Fernando* tinha 15 anos quando começou a sentir atração por meninos. Naquela época, no fim dos anos 80, a homossexualidade ainda era considerada uma doença pela Organização Mundial de Saúde (OMS). Com medo de retaliações, buscou a ajuda de uma psicóloga para reverter sua condição. Felizmente, a profissional, com zelo e ética, ao contrário do que Fernando esperava, ajudou-o a compreender que gênero e sexualidade são conceitos distintos.

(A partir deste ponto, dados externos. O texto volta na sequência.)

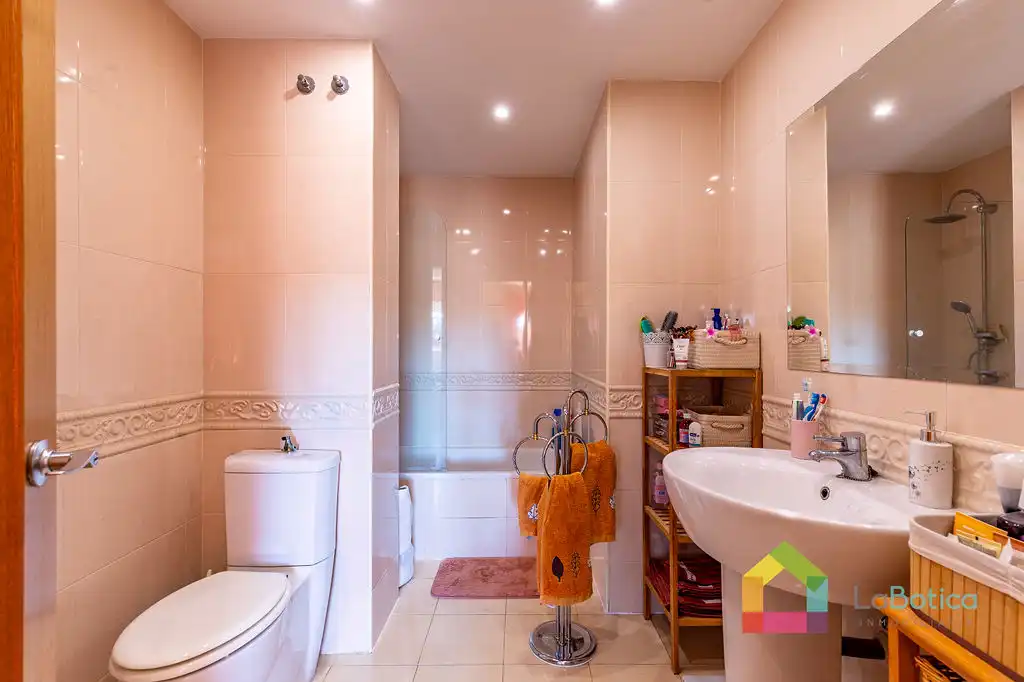 Bathroom of Detached homes for sale in Toledo  with Air Conditioner, Heating and Terrace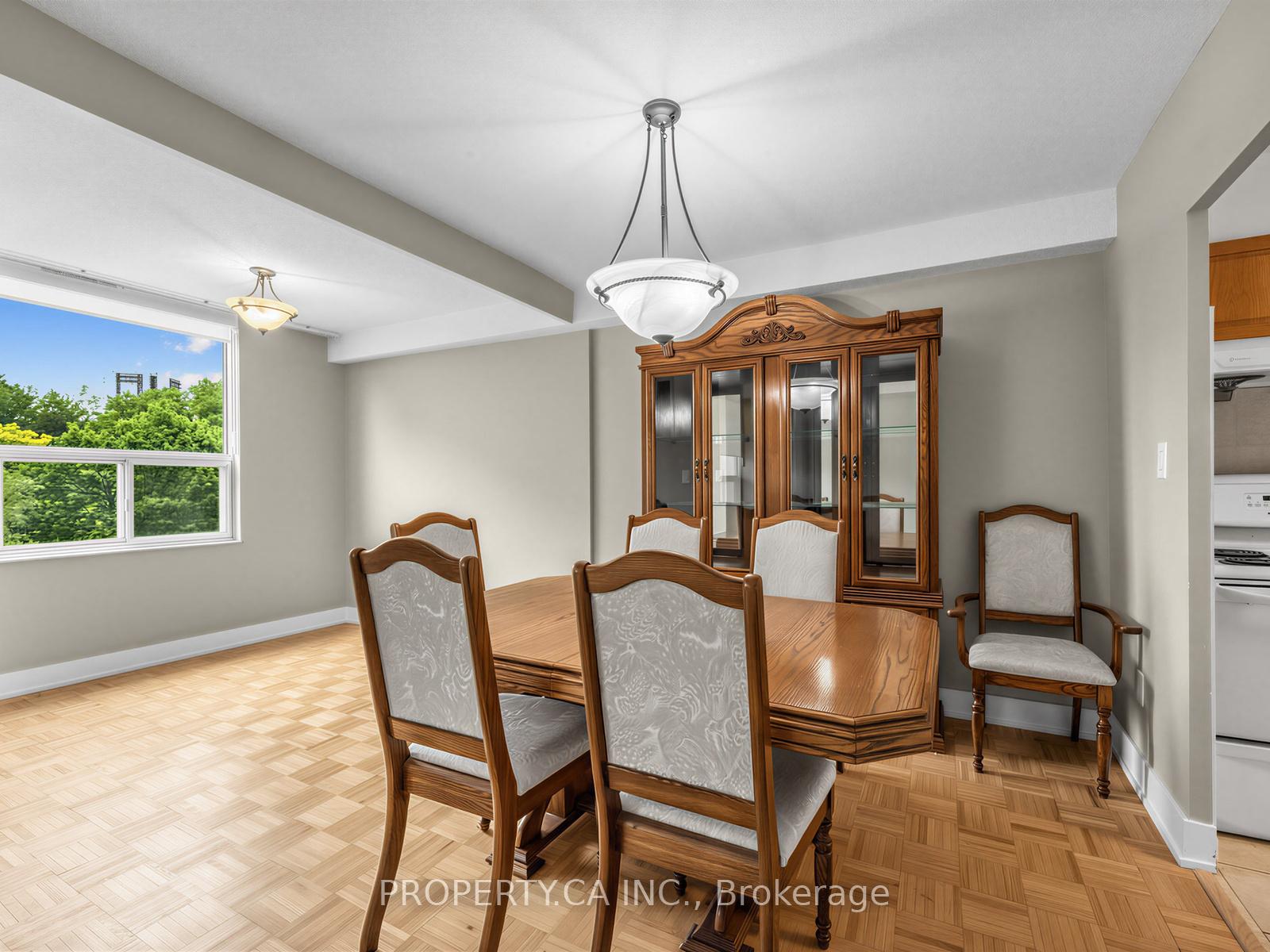 10 Edgecliff Golfway 708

Começou a derrubar os tabus impostos pela sociedade, mais particularmente pela religião seguida pelos pais. Hoje se considera uma pessoa feliz. Tem uma união estável com outro homem e, depois de anos de espera, adotou um menino. “Até quando vão pensar que nossas escolhas são erradas?”, questiona. “Estamos retrocedendo em muitos aspectos e as Igrejas em geral, além de profissionais sem qualificação para tratamentos de aceitação, nos forçam a vivermos nas sombras”.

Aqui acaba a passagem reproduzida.